Hopkins House was designed by Michael and Patty Hopkins as their own home. We take a look at the lightweight steel and glass house as part of our series on high-tech architecture.
The two-storey, lightweight steel and glass structure was built as the Hopkins' family home and as the office of their own architecture studio, which they established the same year the house was completed.
More than 50 years later Michael and Patty Hopkins still live in the home, while the office of Hopkins Architects was based in the building for eight years until it outgrew the space and moved to a building in Marylebone.
The house was the first project the architects designed together, with Patty previously running her own small practice. Michael had worked for eight years at Foster Associates, where he was the partner responsible for the IBM Pilot Head Office in Cosham and the Willis Faber & Dumas office building in Ipswich.
As their own home, the practice's first project and its office, the building was used as a calling card for the recently established studio's philosophy.
Built amongst the Victorian mansions and Regency villas of Hampstead the two-storey home, which was influenced by the Eames Case Study House No. 8 of 1949, is made almost entirely out of tubular steel, with glass walls.
The two-storey house is sat below the street level, so from the road it appears as a single-storey building, which is accessed across a drawbridge.
The house's minimal structure was designed by Anthony Hunt, the engineer of many of the early high-tech buildings, including Team 4's Reliance Controls factory, Norman Foster's Sainsbury Centre for Visual Arts and the Willis Faber & Dumas headquarters.

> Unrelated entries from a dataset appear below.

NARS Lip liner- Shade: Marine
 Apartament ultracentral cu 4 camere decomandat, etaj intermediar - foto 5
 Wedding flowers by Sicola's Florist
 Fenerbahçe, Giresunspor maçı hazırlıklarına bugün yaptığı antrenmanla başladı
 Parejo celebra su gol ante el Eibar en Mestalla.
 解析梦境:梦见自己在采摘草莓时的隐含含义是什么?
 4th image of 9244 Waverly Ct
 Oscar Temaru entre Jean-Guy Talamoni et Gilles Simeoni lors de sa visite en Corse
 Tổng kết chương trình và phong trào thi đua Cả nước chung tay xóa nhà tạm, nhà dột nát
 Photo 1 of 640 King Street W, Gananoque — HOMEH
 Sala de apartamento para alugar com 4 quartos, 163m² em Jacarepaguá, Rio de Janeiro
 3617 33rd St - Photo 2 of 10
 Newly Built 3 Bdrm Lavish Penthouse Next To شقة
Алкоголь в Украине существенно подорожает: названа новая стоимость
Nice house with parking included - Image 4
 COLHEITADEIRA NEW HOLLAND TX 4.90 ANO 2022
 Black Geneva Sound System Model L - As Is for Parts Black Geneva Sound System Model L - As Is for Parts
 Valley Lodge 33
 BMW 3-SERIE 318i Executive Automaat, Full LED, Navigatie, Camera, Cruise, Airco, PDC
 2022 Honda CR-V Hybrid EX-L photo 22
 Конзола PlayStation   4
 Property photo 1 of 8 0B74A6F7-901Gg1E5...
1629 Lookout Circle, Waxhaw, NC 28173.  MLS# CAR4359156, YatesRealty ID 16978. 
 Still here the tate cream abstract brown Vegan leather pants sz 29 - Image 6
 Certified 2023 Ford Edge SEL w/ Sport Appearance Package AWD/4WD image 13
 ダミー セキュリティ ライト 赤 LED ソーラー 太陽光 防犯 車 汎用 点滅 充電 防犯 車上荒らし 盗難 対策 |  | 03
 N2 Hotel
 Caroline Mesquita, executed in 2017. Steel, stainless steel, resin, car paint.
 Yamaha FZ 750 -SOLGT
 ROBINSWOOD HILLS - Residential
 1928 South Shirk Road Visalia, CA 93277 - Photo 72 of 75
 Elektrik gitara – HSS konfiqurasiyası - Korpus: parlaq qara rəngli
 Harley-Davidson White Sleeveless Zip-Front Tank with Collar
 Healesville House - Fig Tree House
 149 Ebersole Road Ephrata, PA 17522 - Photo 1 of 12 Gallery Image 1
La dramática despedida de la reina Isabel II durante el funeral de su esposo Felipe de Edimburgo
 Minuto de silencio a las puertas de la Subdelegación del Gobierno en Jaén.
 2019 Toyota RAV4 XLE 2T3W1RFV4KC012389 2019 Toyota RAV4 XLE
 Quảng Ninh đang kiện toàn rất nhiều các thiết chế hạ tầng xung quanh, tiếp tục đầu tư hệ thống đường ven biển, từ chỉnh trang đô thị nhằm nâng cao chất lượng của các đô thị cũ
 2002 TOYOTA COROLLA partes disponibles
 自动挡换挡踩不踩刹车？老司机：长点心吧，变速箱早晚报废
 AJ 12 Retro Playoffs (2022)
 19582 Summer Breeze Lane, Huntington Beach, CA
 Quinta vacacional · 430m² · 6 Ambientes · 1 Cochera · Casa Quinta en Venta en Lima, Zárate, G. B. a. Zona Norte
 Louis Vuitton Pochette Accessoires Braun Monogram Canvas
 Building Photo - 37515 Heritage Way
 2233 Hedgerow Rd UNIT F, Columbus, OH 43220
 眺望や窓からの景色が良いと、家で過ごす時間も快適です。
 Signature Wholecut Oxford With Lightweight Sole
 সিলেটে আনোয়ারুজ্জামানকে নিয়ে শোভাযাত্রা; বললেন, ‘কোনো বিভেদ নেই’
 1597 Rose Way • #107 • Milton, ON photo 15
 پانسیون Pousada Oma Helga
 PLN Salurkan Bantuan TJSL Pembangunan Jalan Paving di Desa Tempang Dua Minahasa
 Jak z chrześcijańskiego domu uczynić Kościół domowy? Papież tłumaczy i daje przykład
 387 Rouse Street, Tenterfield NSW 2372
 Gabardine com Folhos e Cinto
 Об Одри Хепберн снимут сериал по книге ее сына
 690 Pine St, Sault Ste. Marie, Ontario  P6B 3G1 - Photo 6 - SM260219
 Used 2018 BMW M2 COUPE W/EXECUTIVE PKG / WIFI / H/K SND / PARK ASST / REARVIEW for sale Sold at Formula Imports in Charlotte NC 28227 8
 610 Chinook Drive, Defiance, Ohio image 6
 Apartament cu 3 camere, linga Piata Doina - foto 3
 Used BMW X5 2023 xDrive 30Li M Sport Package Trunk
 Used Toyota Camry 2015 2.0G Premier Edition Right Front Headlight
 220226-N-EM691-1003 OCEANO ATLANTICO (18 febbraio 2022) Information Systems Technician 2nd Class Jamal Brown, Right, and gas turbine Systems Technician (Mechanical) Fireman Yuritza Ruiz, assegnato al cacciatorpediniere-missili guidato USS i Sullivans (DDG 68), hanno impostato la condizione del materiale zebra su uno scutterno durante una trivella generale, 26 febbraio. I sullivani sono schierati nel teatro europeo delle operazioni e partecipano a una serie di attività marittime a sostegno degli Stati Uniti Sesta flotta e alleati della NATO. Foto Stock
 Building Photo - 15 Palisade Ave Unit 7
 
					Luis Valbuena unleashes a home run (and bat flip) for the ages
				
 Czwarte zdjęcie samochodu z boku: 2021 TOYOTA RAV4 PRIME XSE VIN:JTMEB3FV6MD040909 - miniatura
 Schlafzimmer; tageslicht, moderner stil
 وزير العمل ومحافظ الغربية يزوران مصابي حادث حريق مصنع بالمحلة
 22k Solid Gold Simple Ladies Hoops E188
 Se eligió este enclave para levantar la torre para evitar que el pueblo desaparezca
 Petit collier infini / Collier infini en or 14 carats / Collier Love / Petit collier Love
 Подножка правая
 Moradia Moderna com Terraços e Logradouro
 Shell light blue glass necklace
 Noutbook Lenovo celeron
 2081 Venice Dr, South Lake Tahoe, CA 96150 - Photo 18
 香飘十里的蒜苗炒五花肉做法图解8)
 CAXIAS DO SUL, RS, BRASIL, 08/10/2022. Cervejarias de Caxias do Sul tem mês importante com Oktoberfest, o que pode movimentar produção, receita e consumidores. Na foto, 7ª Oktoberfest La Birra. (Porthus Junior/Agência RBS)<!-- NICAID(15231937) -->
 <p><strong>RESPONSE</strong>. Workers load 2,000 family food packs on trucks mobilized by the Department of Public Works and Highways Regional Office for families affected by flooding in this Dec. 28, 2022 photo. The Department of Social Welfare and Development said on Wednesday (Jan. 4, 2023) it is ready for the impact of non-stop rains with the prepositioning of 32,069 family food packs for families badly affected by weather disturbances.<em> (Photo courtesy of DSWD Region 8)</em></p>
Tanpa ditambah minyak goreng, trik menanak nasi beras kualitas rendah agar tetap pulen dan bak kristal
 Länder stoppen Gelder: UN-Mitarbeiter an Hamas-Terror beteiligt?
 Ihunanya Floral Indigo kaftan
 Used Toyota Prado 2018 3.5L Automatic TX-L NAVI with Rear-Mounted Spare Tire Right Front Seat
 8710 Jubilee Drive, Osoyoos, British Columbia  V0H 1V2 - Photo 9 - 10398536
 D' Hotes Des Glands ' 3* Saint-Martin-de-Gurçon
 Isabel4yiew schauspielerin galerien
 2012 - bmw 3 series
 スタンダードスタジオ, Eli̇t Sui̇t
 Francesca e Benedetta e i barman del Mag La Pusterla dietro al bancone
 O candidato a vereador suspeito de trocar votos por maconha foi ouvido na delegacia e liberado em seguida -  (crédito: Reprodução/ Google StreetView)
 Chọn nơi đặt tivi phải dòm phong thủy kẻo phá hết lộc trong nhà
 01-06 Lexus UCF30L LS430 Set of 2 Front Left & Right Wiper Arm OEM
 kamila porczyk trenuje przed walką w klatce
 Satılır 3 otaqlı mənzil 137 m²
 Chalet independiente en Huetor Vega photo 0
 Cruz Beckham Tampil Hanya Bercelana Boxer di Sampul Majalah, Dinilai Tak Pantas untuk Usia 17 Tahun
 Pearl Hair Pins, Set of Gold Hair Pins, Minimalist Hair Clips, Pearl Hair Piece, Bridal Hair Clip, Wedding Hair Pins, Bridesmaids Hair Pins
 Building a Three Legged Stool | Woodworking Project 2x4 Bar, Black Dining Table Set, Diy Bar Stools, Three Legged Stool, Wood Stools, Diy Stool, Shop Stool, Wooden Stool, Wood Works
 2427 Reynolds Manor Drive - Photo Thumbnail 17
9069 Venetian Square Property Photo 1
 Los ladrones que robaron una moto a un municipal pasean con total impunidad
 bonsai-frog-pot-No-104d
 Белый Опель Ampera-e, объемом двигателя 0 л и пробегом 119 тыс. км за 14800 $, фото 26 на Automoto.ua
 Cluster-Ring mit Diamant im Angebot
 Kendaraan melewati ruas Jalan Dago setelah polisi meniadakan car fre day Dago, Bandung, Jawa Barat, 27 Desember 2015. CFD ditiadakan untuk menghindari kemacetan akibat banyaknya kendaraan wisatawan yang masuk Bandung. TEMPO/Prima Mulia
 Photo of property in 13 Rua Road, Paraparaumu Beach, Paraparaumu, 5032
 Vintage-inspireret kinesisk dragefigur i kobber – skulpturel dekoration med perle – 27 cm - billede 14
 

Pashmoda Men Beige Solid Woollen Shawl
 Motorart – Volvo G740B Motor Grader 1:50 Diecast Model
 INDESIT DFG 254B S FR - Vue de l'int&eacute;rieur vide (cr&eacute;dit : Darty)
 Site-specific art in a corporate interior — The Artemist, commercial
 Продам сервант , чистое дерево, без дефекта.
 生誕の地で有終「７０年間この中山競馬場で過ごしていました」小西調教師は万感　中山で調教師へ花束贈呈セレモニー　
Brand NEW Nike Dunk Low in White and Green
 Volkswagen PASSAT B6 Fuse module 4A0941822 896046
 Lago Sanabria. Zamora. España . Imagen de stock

At the Hopkins House the techniques that had been developed at larger commercial buildings were refined for the smaller house.
The structure of the 10-metre by 12-metre rectangular house is made from thin, steel columns and latticed steel-trusses that are visible throughout the house and painted blue. These structural elements standout against the grey, troughed metal sheets that make up the house's walls and roof.
Like many high-tech buildings, the home was designed to be open and flexible and has few permanent internal divisions, instead the spaces are divided by venetian blinds that hang between the internal columns.
All of the spaces share the same minimal aesthetic with no distinction made between the offices areas and the family's living spaces.
The studio's office was situated on the upper floor of the house, as well as the master bedroom, which overlooks the garden.
A blue spiral staircase leads down to the ground floor where the kitchen and living areas are on either side of the dining room, on the house's garden side. Three further bedrooms are lined up on the street side of the house.
When it was complete, the house won a RIBA award in 1977. It was given a grade-II* listing – for particularly important buildings of more than special interest – in 2018 with Duncan Wilson, chief executive of Historic England, stating that the building was an "elegant piece of post-war architecture".
"The architects behind this innovative building showed the world what could be achieved within the confines of a restricted site and on a modest budget, and in this experimental work managed to design a combined home and office space that has stood the test of time and inspired other architects," Wilson continued.
Led by architects Norman Foster, Richard Rogers, Nicholas Grimshaw, Michael and Patty Hopkins and Renzo Piano, high-tech architecture was the last major style of the 20th century and one of its most influential.